§ **DIRECTIONS**:
Write out exactly, please, every line from the beginning of the entries to the line holding "Lofbaz donna estate", and no pictures.

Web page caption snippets
*** Begin section ***

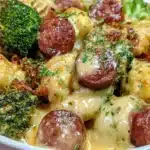 Easy keto broccoli and cauliflower au gratin with sausage dish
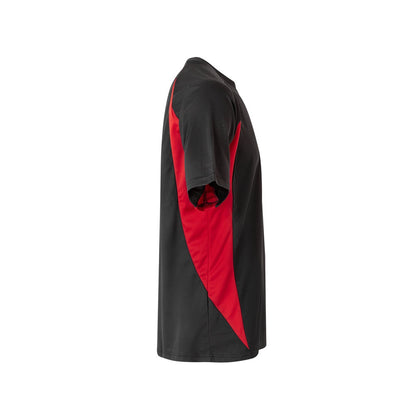 VL SLAYER promotional t-shirt in black/red (detail view) with custom logo branding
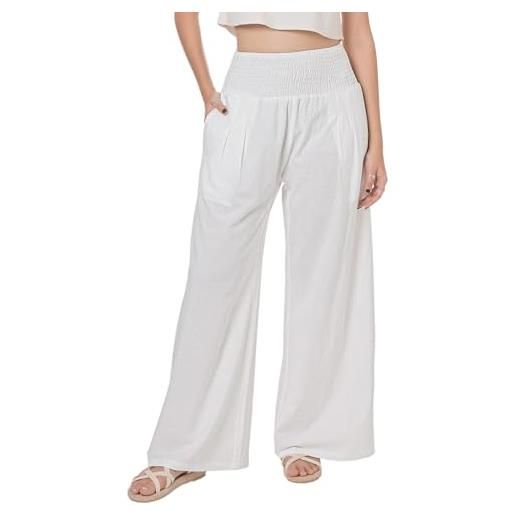Lofbaz donna estate cotone e lino a gamba larga fluttuante pantaloni palazzo spiaggia a vita alta boho lunghi da relax con tasche kaki s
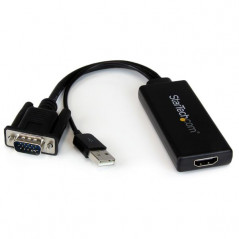 ADAPTADOR VGA A HDMI CON AUDIO Y ALIMENTACIÓN USB  CONVERSOR VGA A HDMI PORTÁTIL  1080 P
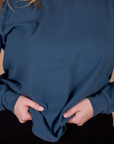 Long Sleeve Burly Tee in French Blue close up on Lish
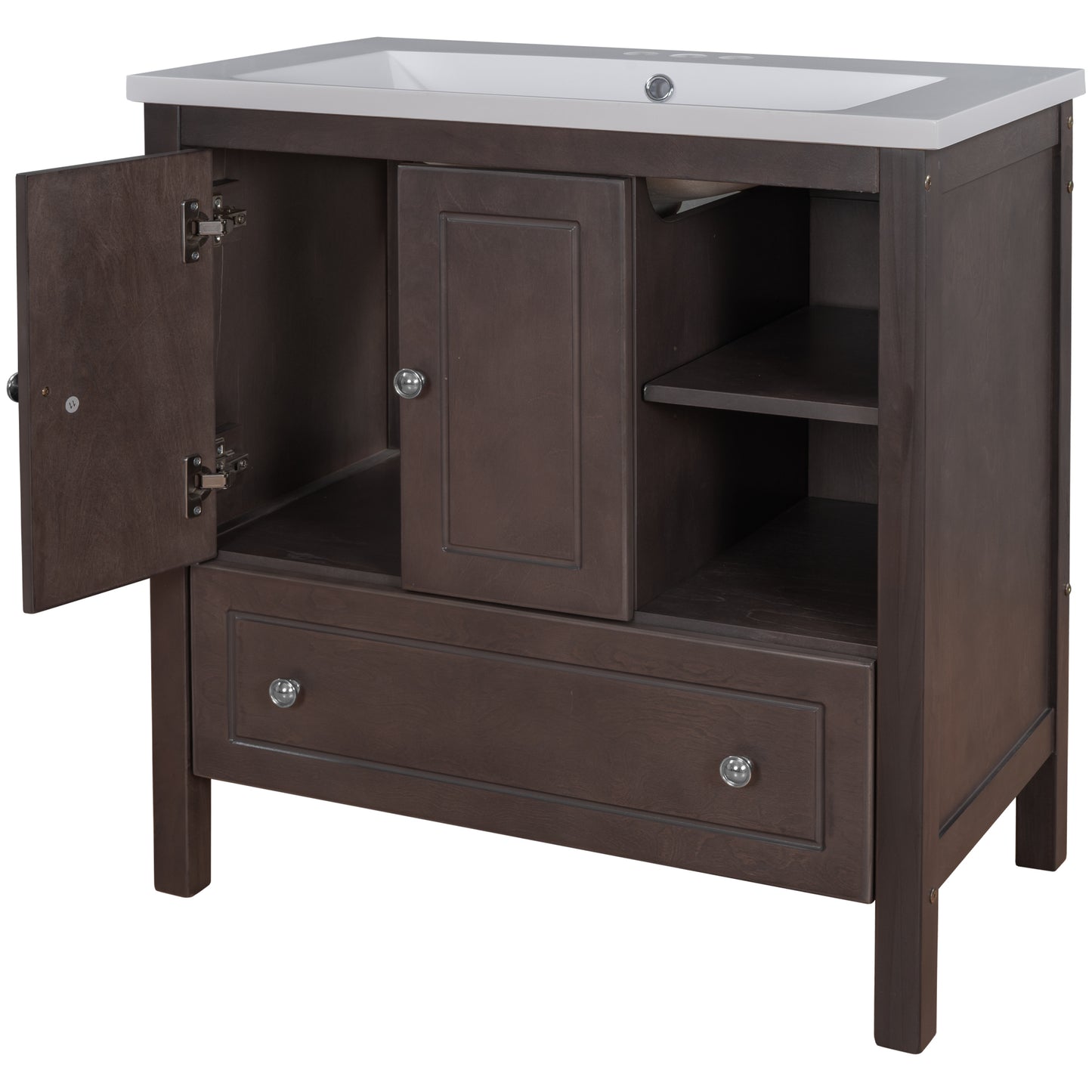 30" Bathroom Vanity with Sink, Bathroom Storage Cabinet with Doors and Drawers, Solid Wood Frame, Ceramic Sink, Brown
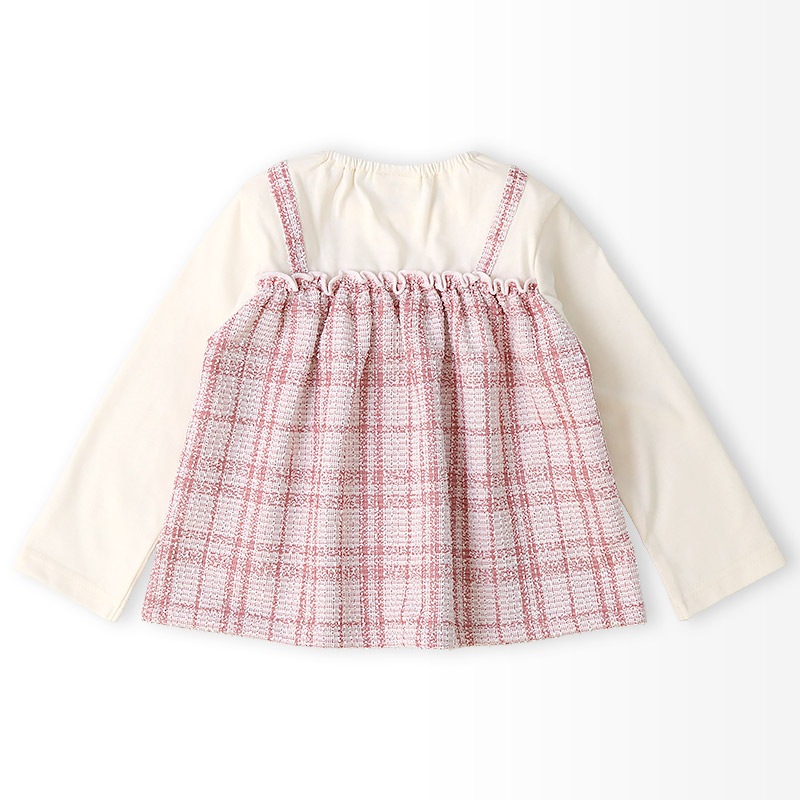 ツイードレイヤード風Tシャツ【Uzulandウズランド】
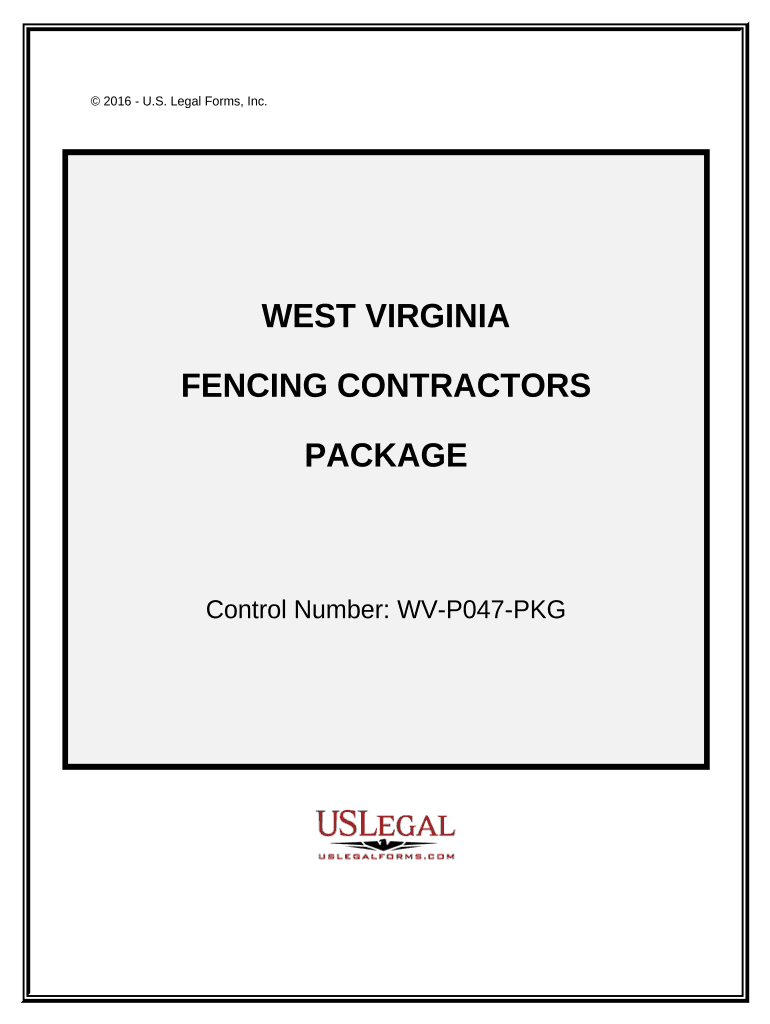 Fencing Contractor Package West Virginia  Form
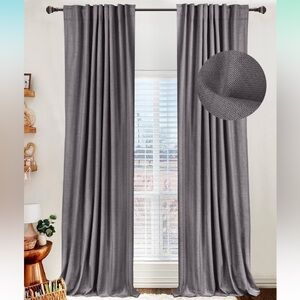 Gray Linen Blackout Curtains 2-Panel Set Thermal Insulated Back Tab Drapes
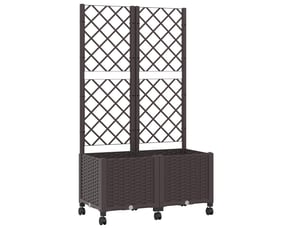 Jardinière - bac de jardin avec treillis et roues marron 80 x 40 x 146 cm pp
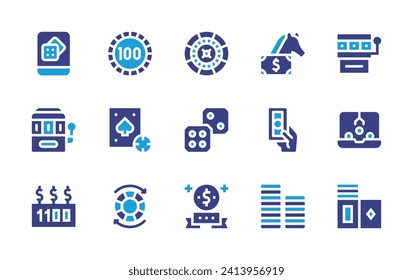 Betting icon set. Duotone color. Vector illustration. Containing horse, bet, tokens, roulette, online gambling, probability, slot machine, bonus, prize, coin, gambling, chip, casino, laptop, deck.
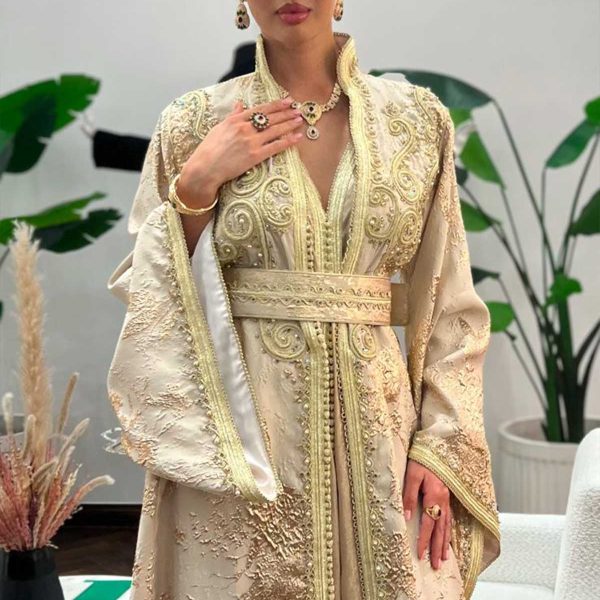 Casamoda Moroccan Caftan in Beige Brocard and Crepe Silk Emroidered - Image 4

*** End section ***

§ **EXERCISE SOLUTION**:
 Easy keto broccoli and cauliflower au gratin with sausage dish
 VL SLAYER promotional t-shirt in black/red (detail view) with custom logo branding
Lofbaz donna estate cotone e lino a gamba larga fluttuante pantaloni palazzo spiaggia a vita alta boho lunghi da relax con tasche kaki s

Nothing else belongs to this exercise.